1/ La thérapie de choc, seule façon de briser un ancien régime clientéliste, protectionniste & kleptocrate

Milton Friedman parlait des 100 premiers jours après l’élection. Victor Davis Hanson parle de phalange macédonienne. Clausewitz parlait du Schwerpunkt. Il y a certes tout un débat en économie pour savoir si on doit privilégier le gradualisme (Chine) ou la thérapie de choc (Pologne) ; mais quand une situation est vraiment bloquée, quand la cristallisation corporatiste est totale, il faut utiliser la légitimité démocratique pour faire les choses vite et massivement. Pour ne pas avoir compris cela, Sarkozy a échoué (mais pour sa défense il ne pouvait pas savoir qu’une grosse crise arriverait un an après son élection). Idem pour Hollande, dont la seule défense à ce sujet tient au fait qu’il n’a clairement pas été élu pour tout bouleverser (présidence « normale »).

Mauricio Macri, lui, confronté à une situation il est vrai plus dramatique à son arrivée (isolement complet, inflation à 35%,…), s’est fait élire sur une plateforme réformiste, et il y va, sans perdre de temps avec des tables rondes ou des rapports administratifs. Je le dis depuis des mois : mieux vaut Macri que Macron.

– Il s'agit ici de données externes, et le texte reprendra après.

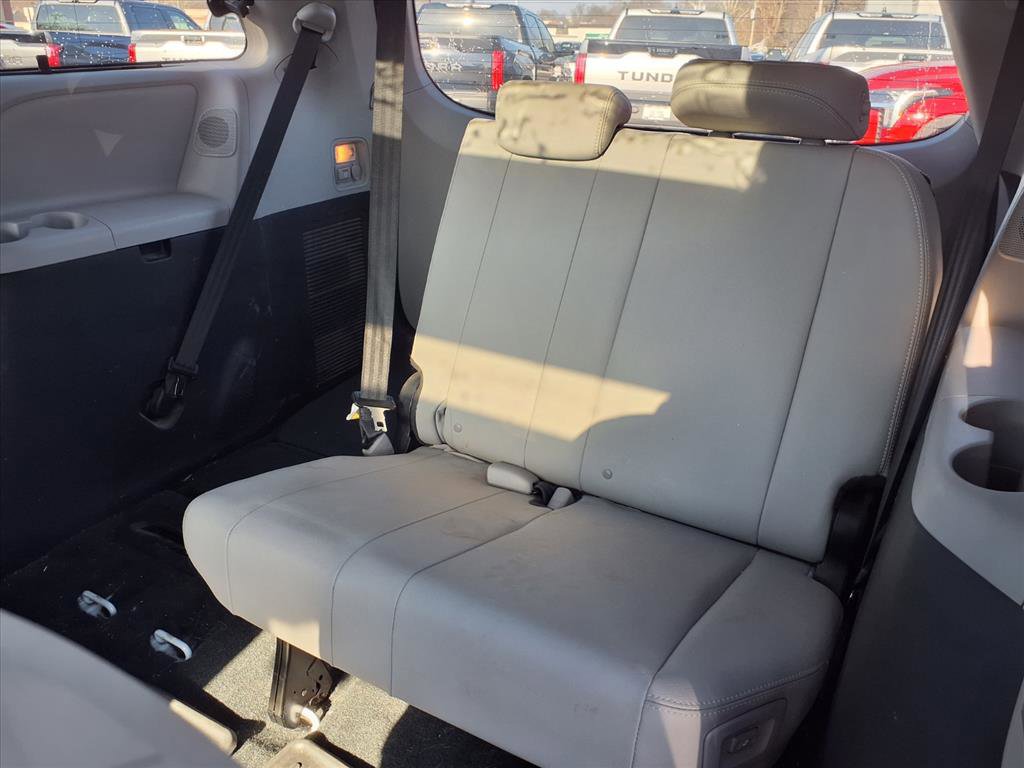 Used 2018 Toyota Sienna Limited Premium w/ Carpet Mat Package image 29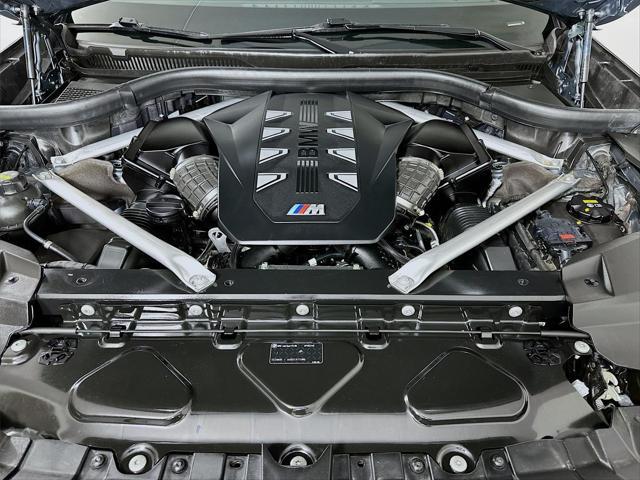 2023 BMW X7 M60i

Vous pouvez vous moquez de mon avis, mais c’est aussi l’avis des marchés : depuis que l’on anticipe un changement de régime (c’est-à-dire en gros depuis les élections provinciales de 2014), l’Argentine est le meilleur performeur mondial aussi bien sur les actions que sur les obligations. Pour un pays multi-traumatisé par le couple infernal Kirchner, très présent sur les matières premières et dont le 1er partenaire commercial est le Brésil en pleine chute verticale, ce n’est pas mal !! Et quand des véhicules d’investissement existeront pour les particuliers européens, il faudra se positionner sur ce marché avant qu’en 2020 (?) il ne devienne trop cher.

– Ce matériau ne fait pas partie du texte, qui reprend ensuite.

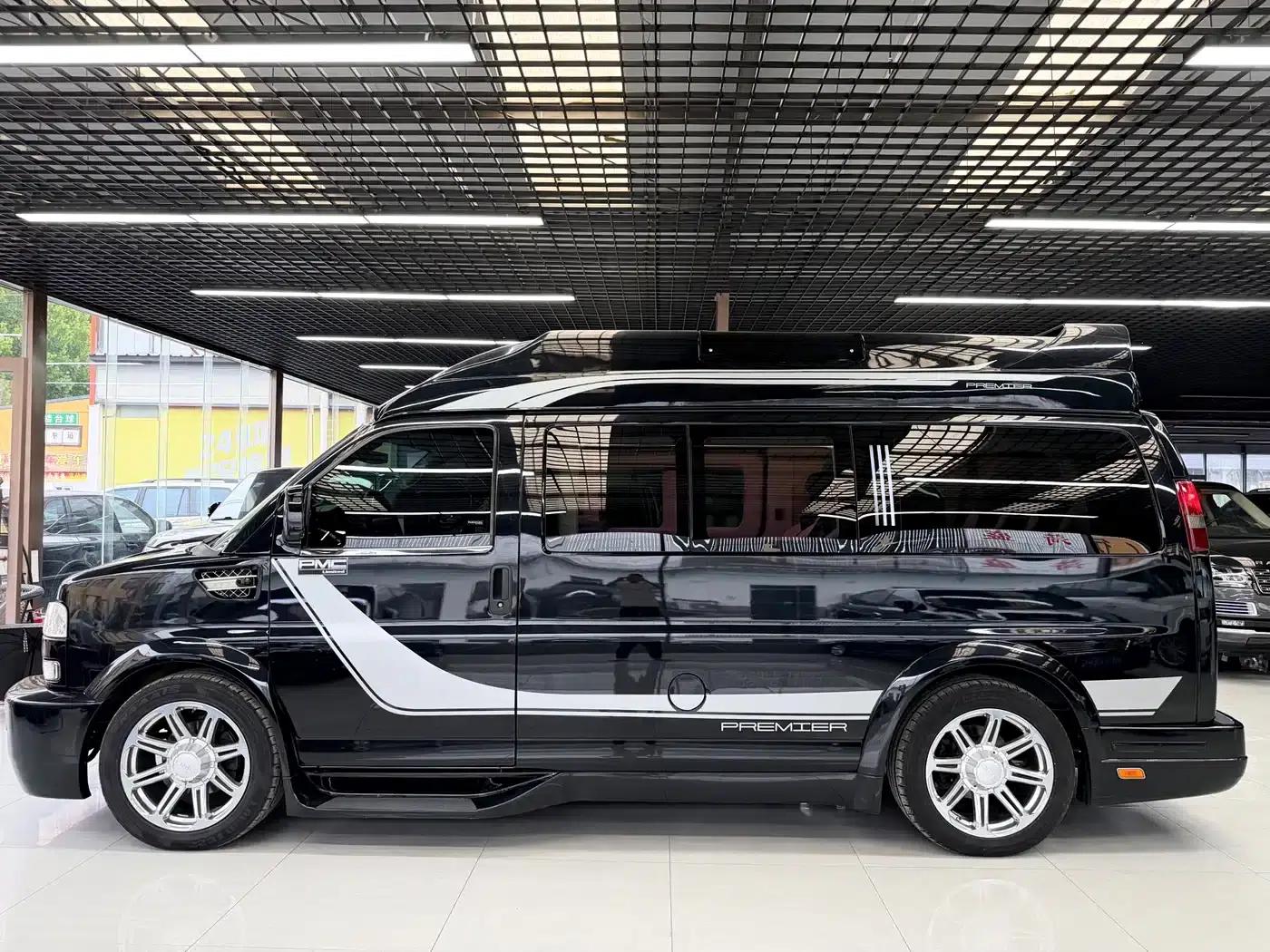 2016 SAVANA 5.3L G660S 4WD Elegant Panoramic Edition — миниатюра 8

2/ Le « casting », facteur trop souvent négligé

On ne fait pas la réforme avec des Gamelin mais avec des Rommel. Il faut s’entourer d’une petite équipe soudée d’entrepreneurs de la pensée, et aussi si possible de gens honnêtes, ce qui n’est jamais arrivé en Argentine avant décembre 2015 et ce qui est très rare de nos jours à Paris. De Gaulle s’est beaucoup appuyé sur Jacques Rueff. Macri a mis à la banque centrale un des meilleurs économistes au monde, Federico Sturzenegger, non seulement un théoricien mais aussi un praticien. Le reste du staff est à l’avenant, des gens de grande valeur, et irréprochables.

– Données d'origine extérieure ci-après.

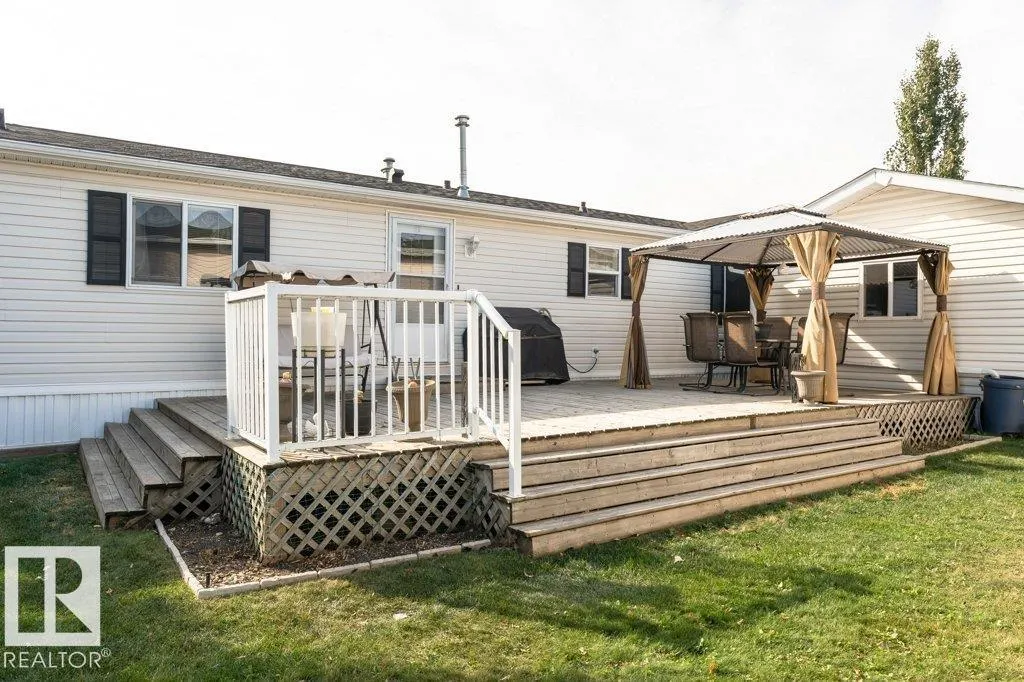 241 Oak Wood DR NW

François Hollande ou ses successeurs pourraient utilement s’inspirer de cette démarche RH innovante : placer aux postes élevés des pointures plutôt que des hommes liges, des gens ouverts sur le monde plutôt que des préfets, des économistes sur les questions économiques plutôt que des bureaucrates. Des gens pas trop compromis dans l’ancien régime, pas trop mauvais dans leurs analyses et leurs prévisions depuis la crise de 2008, et pas trop vieux. Ce serait bien entendu une petite révolution en France, un virage à 180 degrés. Il paraît que Bruno Lemaire par exemple veut changer les pratiques. Admettons. Mais ils l’ont tous dit tant de fois, avant de consulter à nouveau des Attali, des Minc ou des Badinter, et avant de nommer à la BCE des non-économistes en pleine phase de déflation.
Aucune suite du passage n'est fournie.